Vieira de Almeida & Associados

Mozambique keeps on its slow but steady path towards full-fledged enforcement of competition law. The first time the subject was addressed in the country was in July 2007 with the adoption of a communication stating Mozambique’s competition policy. At a time when the country started liberalising a number of key sectors and as groundwork to the free flow of trade within Southern African Customs Union, the goal was then to foster a competition culture by creating the adequate legal framework and an authority to enforce it.

The country has since adopted the Competition Act (approved by Law 10/2013 of 11 April), the Regulation putting in place the Competition Act (Decree 97/2014 of 31 December) and the Statutes of its Competition Authority (approved by Decree 37/2014 of 1 August).

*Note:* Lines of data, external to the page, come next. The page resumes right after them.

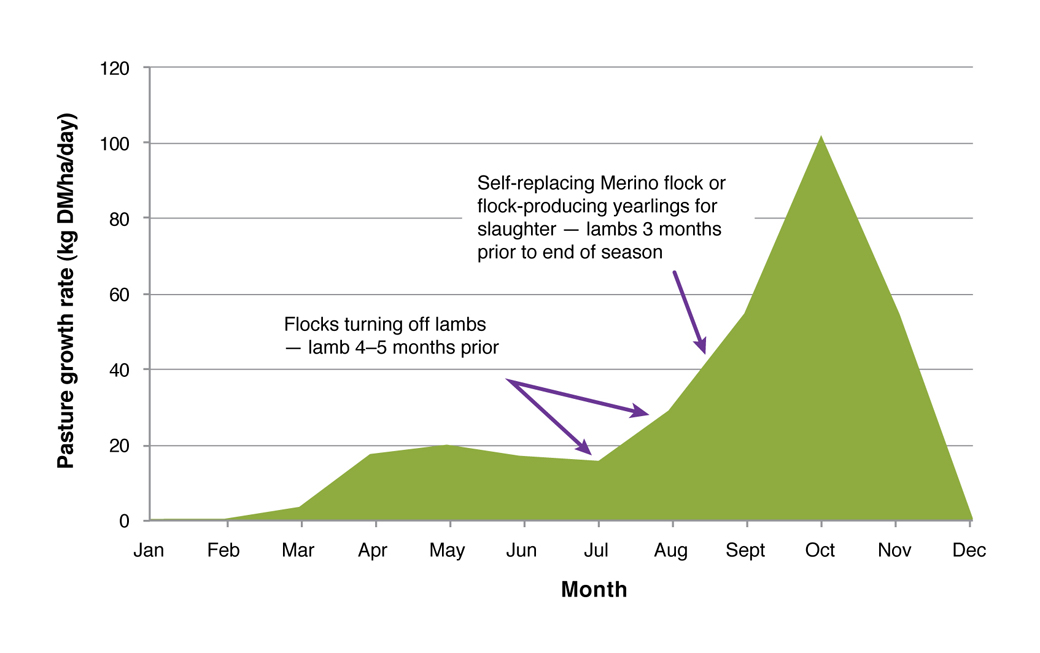 Figure 4: The optimum time of lambing for a sheep enterprise where November is considered the end of the growing season (Warn et al. 2006).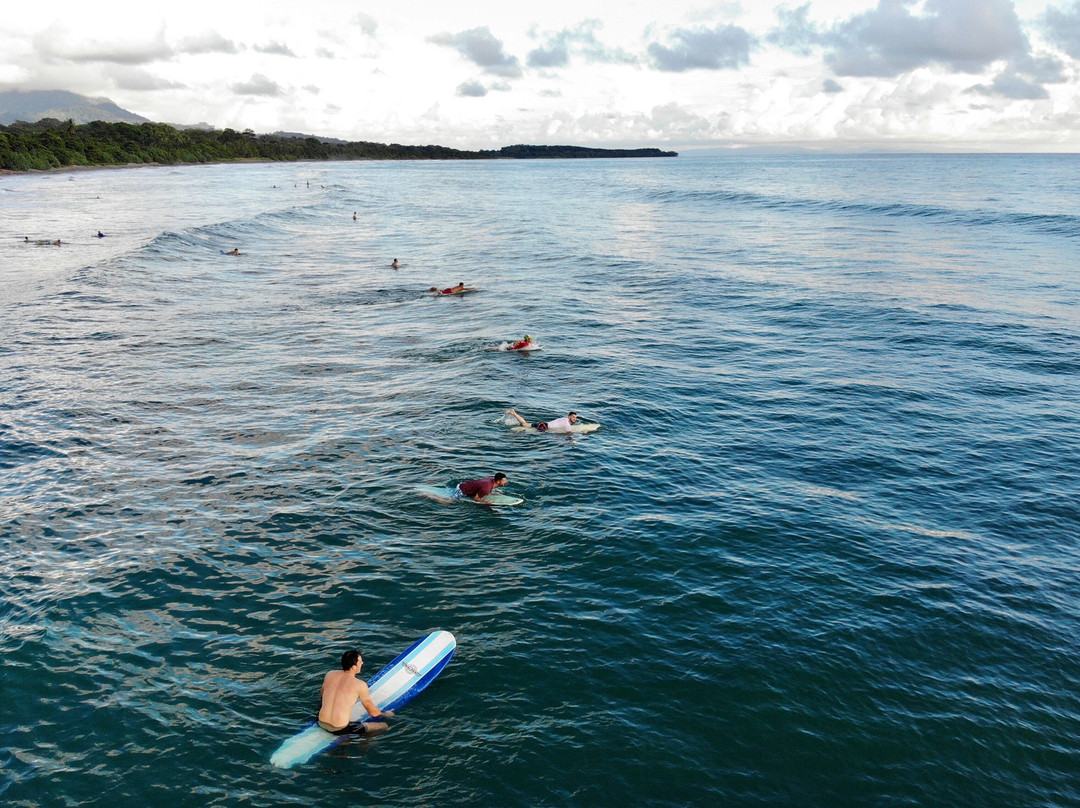 Costa Rica Surf Camp景点图片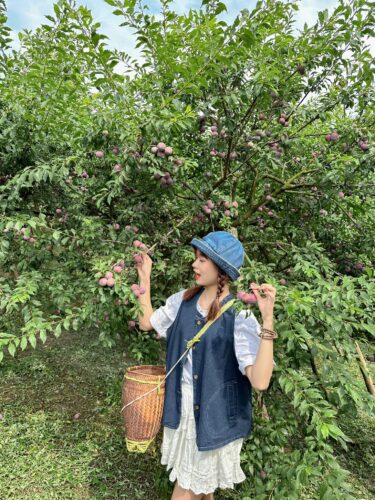 495360781 695827192840101 4605881363867282271 n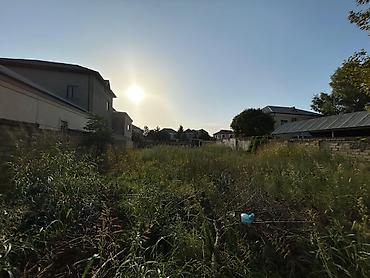 6 sot, Tikinti, Maklerlər narahat etməsin, Kupça (Çıxarış)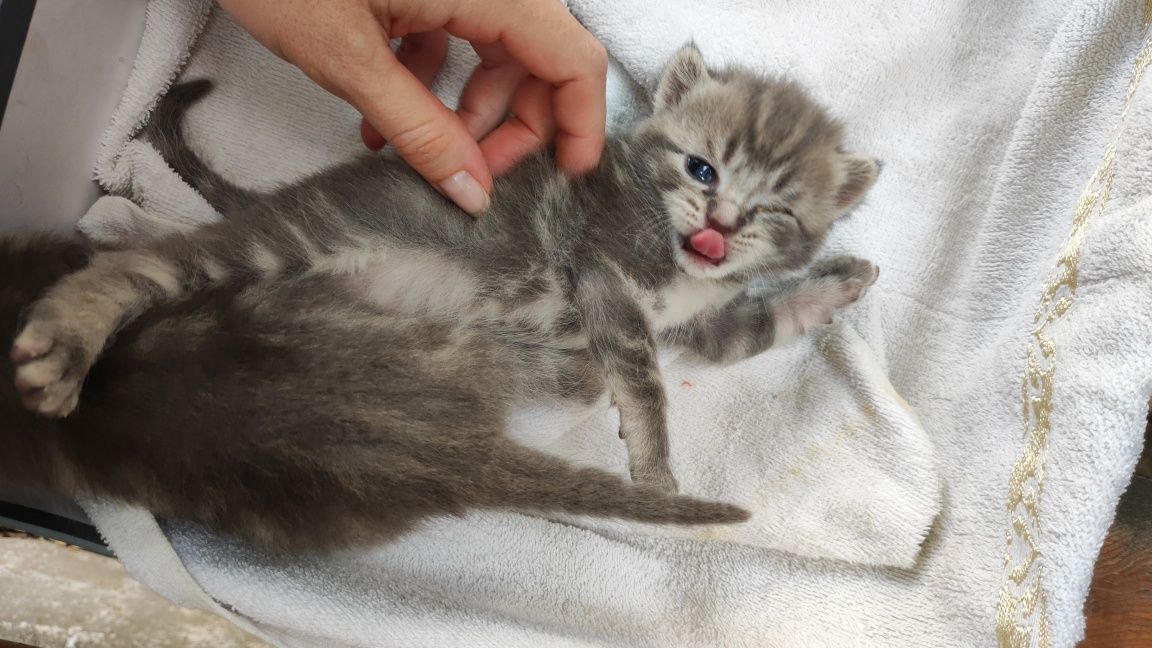 Отдам котят в добрую семью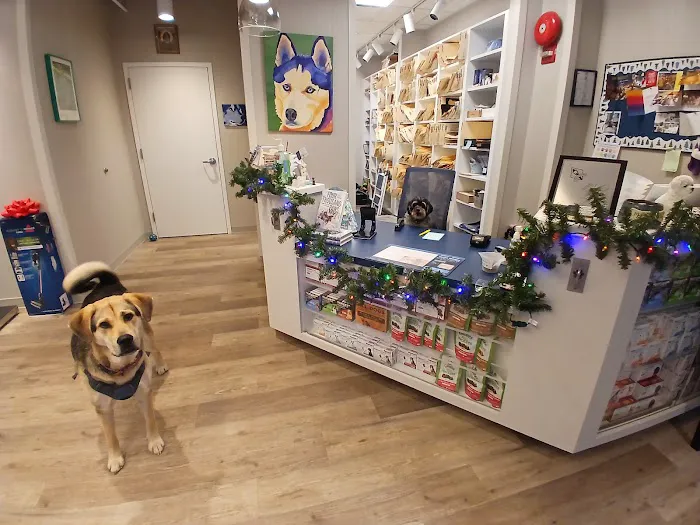 Georgetown Veterinary Hospital 12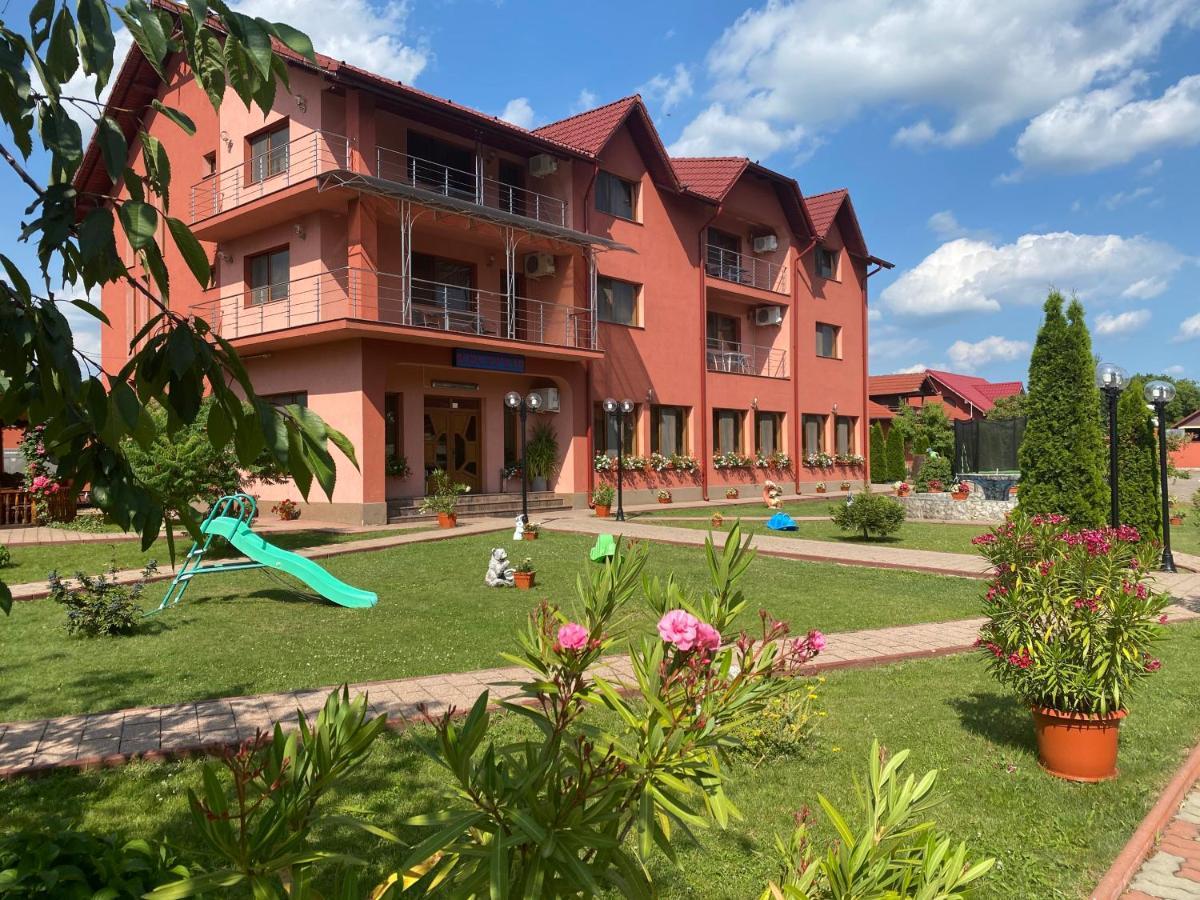 Pensiunea Viitorul Baia de Fier Exterior foto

The Mozambican legislation is to a large extent inspired by the Portuguese Competition Act of 2003, the predecessor of the Competition Act currently in force in Portugal. This is of course the result of the linguistic and historic ties between the two countries, as well as the welcome consequence of the institutional cooperation between the Portuguese competition authority and the Mozambican authorities.

More recently, in June 2015, Mozambique adopted Decree 79/2015, which sets out the charges due to the Mozambique Competition Authority (MCA) for a number of services, including merger filings.

Albeit in force as a matter of law, Mozambique’s Competition Act has not been applied in practice until now as the MCA is yet to become operational and the appointment of the members of its board awaits the decision of the Mozambican government.

It must, nonetheless, be stressed that public information suggests the MCA will be fully operational shortly. Should the MCA follow the example of other competition watchdogs in Africa, it can be expected to prosecute undertakings for actions taken before its operationalisation. Hence, companies should carefully plan and assess their practices having effects on the Mozambican market.

Institutional framework

The Statutes of the Mozambican competition authority (the Statutes) entrust the MCA with regulatory, supervisory and sanctioning powers.  Its institutional design follows the structure of most European watchdogs.

The MCA holds powers typical of competition authorities, including to the power to interview the legal representatives of companies involved in a suspected breach of competition law, to request documents and other items of information, to carry out searches (‘dawn raids’), examinations and seizure of documents in the premises of companies and to seal-off the premises of undertakings.

MCA’s decision-making body is the board. The board is composed of its president and four other members, appointed by the government for five-year terms (renewable once). However, day-to-day activities will likely be in the hands of the directorate-general, its investigation branch. Lead by a director-general appointed by the president of the board, the directorate-general will comprise a number of departments, including the mergers and market monitoring department, the antitrust department and the economic studies department.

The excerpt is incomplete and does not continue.